Expanding track miles is an obvious step forward, though not the only one. Adding more sidings or double-tracking at congested zones can facilitate the operation of more trains in different directions and allow trains operating at different speeds to more easily share the same track.

But just laying a lot more track isn’t enough. As a pair of major studies by the RAND Corporation in 2008 and 2009 noted, increasing the national freight rail capacity will require a variety of strategies beyond direct infrastructure investments. Such measures include revising regulations, flexible pricing, deploying new technology, and implementing improved operating practices. For instance, operational enhancements to more efficiently use existing tracks might be just as important as building more miles of track, but those changes need to be informed by more detailed and extensive modeling to identify locations of bottlenecks and to develop schemes that avoid them.
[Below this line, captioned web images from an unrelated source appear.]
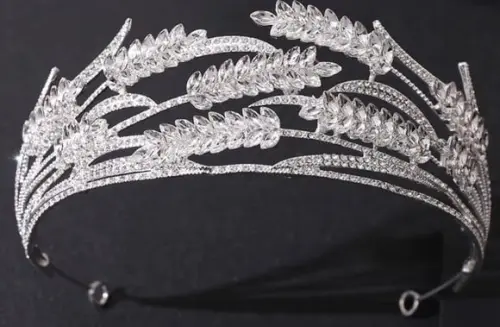 Coroa Tiara de Pedraria Folhas de Trigo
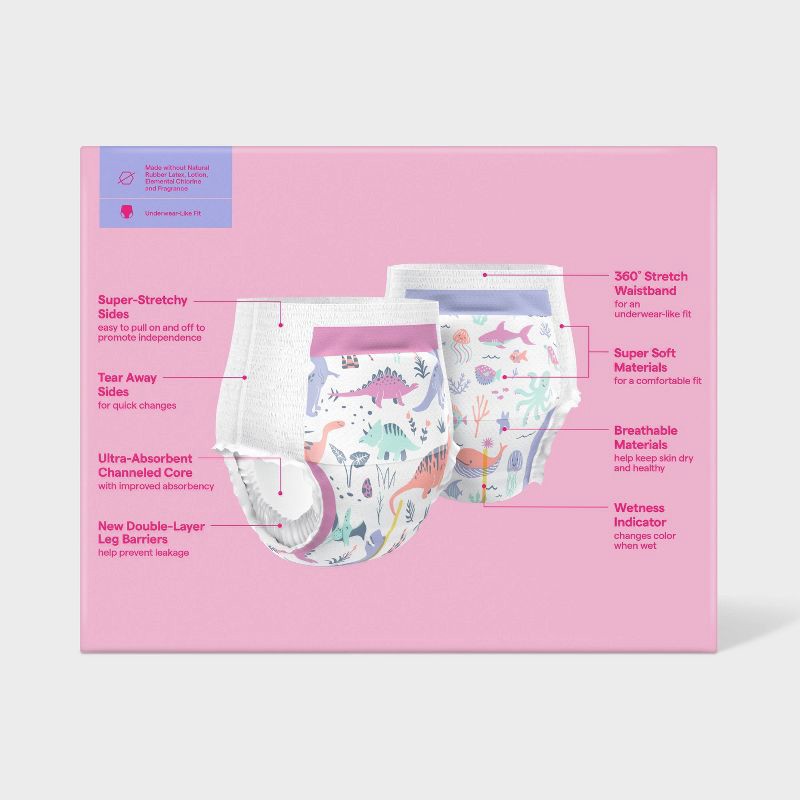 slide 4 of 7, Girls' Disposable Training Pants - 4T-5T - 70ct - up&up™, 70 ct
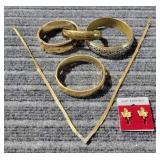 L3 6pc Bangle Bracelet Rolled Gold Necklaces, earr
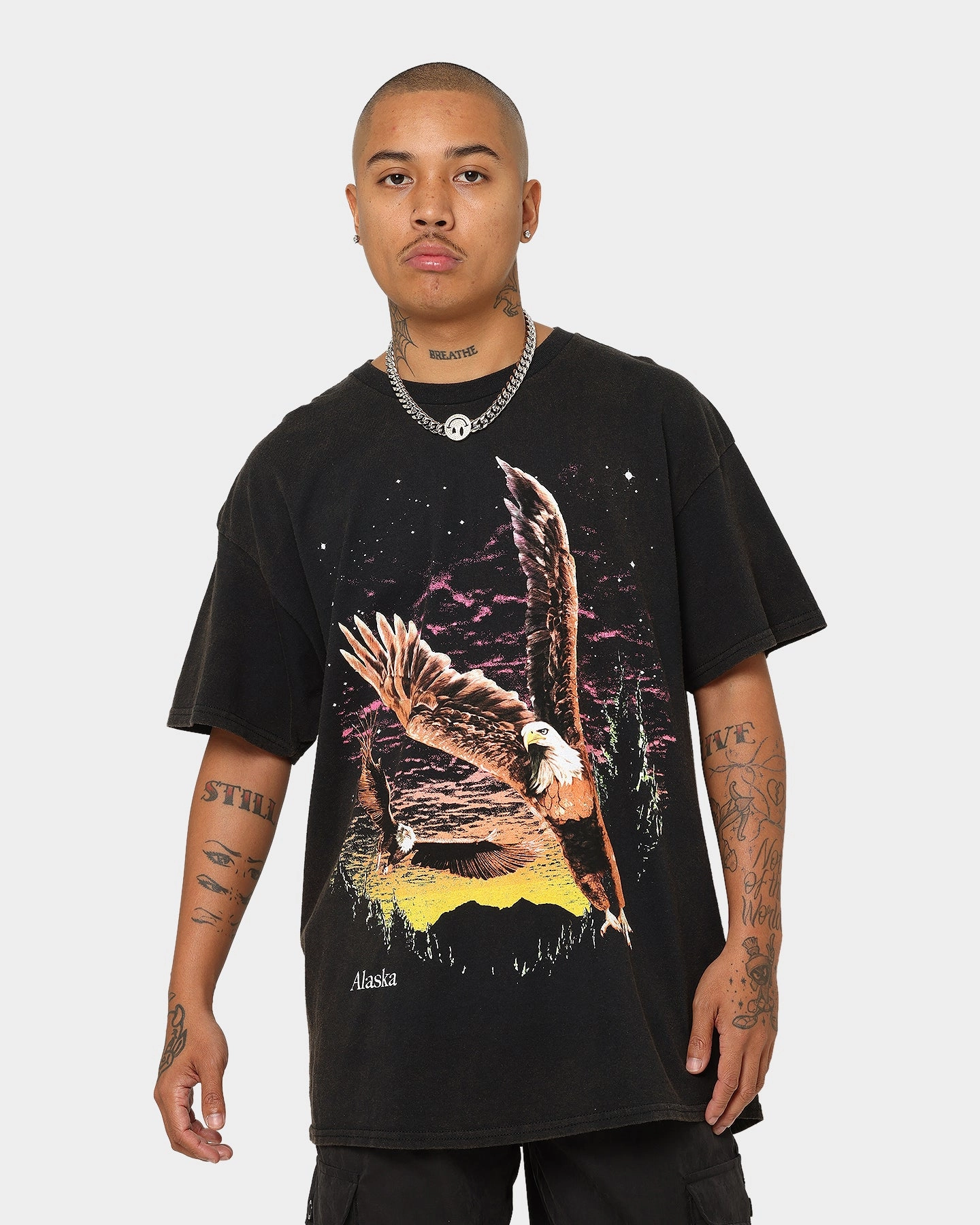 Lightweight Style American Thrift Alaska Vintage T-Shirt Washed Black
Another way to increase capacity while cleaning up the transportation sector is to enlarge and improve the fleet of locomotives. Incentives for rail companies to buy newer, cleaner, more efficient locomotives would simultaneously clean up and expand capacity. Partly because of this potential, the International Energy Agency noted that the rail sector can play a key role in reducing global CO2 emissions. More routine and detailed inspections of rail systems can also improve safety and throughput by allowing heavier freight loads and faster train movement.

In the end an old idea—moving goods by rail—might be the modern innovation we need to reduce energy consumption and avoid CO2 emissions while making roads less congested, safer, and more enjoyable for motorists.